Last week, one of my colleagues sent us all out a link to http://www.classdojo.com/ and said that he was using it in his classroom and enjoyed it. I had heard about it during one of my technology PD’s but hadn’t tried it out because when it was pitched to us it sounded like it would be more useful in a situation where students had their own laptops or netbooks or some other form of technology. It was something that sounded like “Well, you could use it in a classroom with only one laptop if that’s all you’ve got, but it won’t be as effective.
But since my co-worker was using it and he doesn’t have any more technology than I do, I thought I’d give it a second look. It’s basically a behaviour management tracking system but it comes with cute avatars and an easy way to share that information with parents. I signed up my class and decided to try it out. Quite a few of us did actually.
To start it off, I wanted my class to choose the positives and negatives themselves. I had them write down a list of 5 positive things that people should get points for and 5 negatives that they should get points taken away for. We wrote them down on a big list and then debated which ones to keep so that we could get it down to just 5 for each category. They had some great suggestions and it sparked an excellent conversation about what were positive and negative behaviours.

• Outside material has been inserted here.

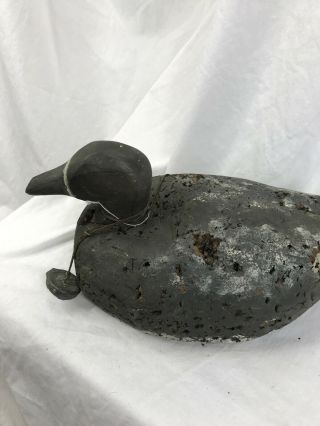 Vintage Styrofoam Duck Decoy with Anchor Weight 2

We’ve been doing it for a week so far and it seems to be working pretty well. I’m noticing students taking a little more care with keeping our classroom clean and it’s a good reminder when they hear a bing that I’m giving points for something. At the end of the day we look at the totals for the class and students can check their own totals. Parents can sign up to get a record at the end of each week as well.
I have to admit, it’s a bit of a carrot and stick system and while I would prefer them to be more intrinsically motivated to follow expectations, I also see a big benefit. Far too often I feel that students who are always following expectations, are polite, respectful, on-task, they get forgotten or feel like they’re forgotten. We give more attention, both negative and positive to the off-task students because, quite frankly, they need more attention and care. But I appreciate my on-task, expectation following students so much because they give me that time and freedom to take care of my more needy students. I feel like this system gives me a quick and consistent way to show those kids that I am noticing they’re on-task. I am noticing they’re being respectful and helpful and that I appreciate that because I was that kid.
Does anyone else use this program or one like it?